Al ser Bogotá un compendio de Colombia entera, la mayoría de los aquí nacidos personificamos el producto azaroso de muchas ‘regionalidades’ que en la capital se encuentran. Así, si nos acogiéramos al rigor de lo genético, y pese a la indisimulable cara de rolo que todos me imputan, quien esto escribe tendría más de quindiano y de ‘nortevallecaucano’ que de bogotano. Mamá: calarqueña. Padre: cartagüeño. Vacaciones de infancia: siempre en Calarcá.
Allá, en la llamada ‘Villa del Cacique’ reposan muchos de mis fantasmas y añoranzas. Entre sacos de café, trilladoras y árboles de plátano. Entre recuerdos de visitas a parientes longevos, a tíos abuelos y a primos que decían ‘motilar’ en lugar de ‘peluquear’. Entre los extintos solares de las bisabuelas Alicia y María y el patio de las hermanas, todas rezanderas, del bisabuelo Víctor. Entre lo que queda de la Posada Alemana. Entre el gusto a empanadas de cambray, mazamorra con panela, ‘forcha’ de Barcelona, ‘kumis con cuca’ y patacones con hogao de Salento. Entre los álbumes y documentos debido a cuya magia he edificado una relación sólida con ancestros a quienes nunca conocí.
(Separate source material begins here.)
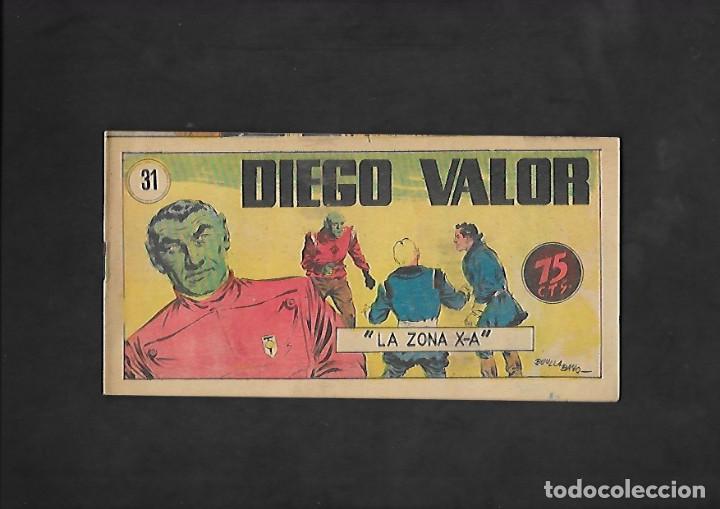 C&oacute;mics: DIEGO VALOR NUMERO 31 LA ZONA X - A - Foto 1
En Calarcá aprendí a conjugar en pasado… y el vicio se me quedó. Supe de poetas… Luis Vidales y Baudilio Montoya entre ellos. Me interesé por la biografía de un multimillonario industrial calarqueño llamado Vicente Giraldo (Vigig), que a principios del siglo XX empapeló los tranvías de Bogotá con publicidades alusivas al Caspidosán —un antiseborreico— y al Afeitol Vigig, una espuma de rasurar. Allí absorbí las historias de mi abuelita Sola sobre un tal cacique Calarcá, que a juzgar por documentos ni era cacique ni era calarqueño, sino oriundo de terruños correspondientes a lo que hoy llamaríamos Tolima. Ahí me fui obsesionando con las leyendas acerca de guacas y tesoros ocultos en Peñas Blancas. Gracias a Calarcá conocí el término ‘grecoquimbaya’ y deliré con aventuras de colonos y pueblos erigidos a fuerza de obstinación y valentía. Allá, justo allá, comencé a admirar a don Segundo Henao, masón, librepensador y fundador del mencionado municipio.
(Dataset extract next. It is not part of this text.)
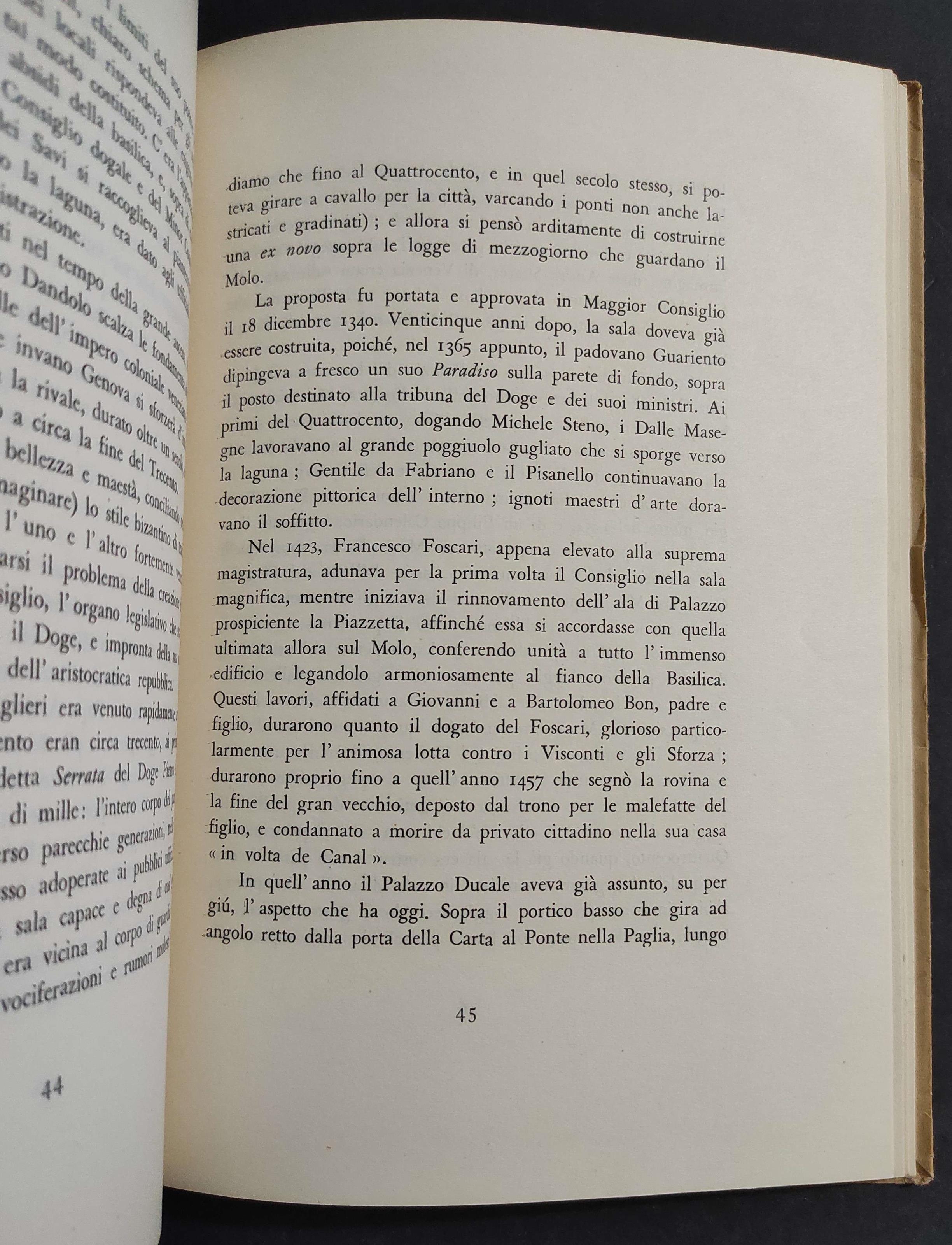 Guida Sentimentale di Venezia - D. Valeri - Ed. Le Tre Venezie - 1944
El viernes anterior, como cada mañana, me llamó Solita, hoy radicada en Armenia: “murió Luis Fernando Londoño Aristizábal”, anunció. Para quienes no lo ubiquen: caballero amigable, comprometido y de buena estampa, fundador, curador y director del Museo Gráfico y Audiovisual del Quindío, con sede única en Calarcá. Quienes hayan tenido ocasión de conocer esta iniciativa, fundada en 2006, de seguro se habrán sorprendido con las decenas —si no cientos— de miles de imágenes fijas y en movimiento alusivas a la región allí albergadas.
¿Qué hay allá adentro? Memorias familiares, de desarrollo urbano y nostalgias en todos los formatos y dataciones imaginables. Una colección impresionante de cédulas antiguas y registros de eventos sociales. Genealogías completas en forma de fotogramas. En suma: un paraíso para los ‘añoradores’ de alma y una fuente inacabable de insumos para los investigadores. Fallecido Luis Fernando, temo que el legado de este quijote haya de terminar confinado a algún patio y que tamaño acervo documental perezca a manos de la humedad, el desdén y el olvido. De momento, encomendarnos a los dioses del patrimonio, si existen, para que semejante espacio no se vaya con su gestor, a quien no cabría mejor homenaje que resguardar esta herencia sin precio. Hasta el otro martes.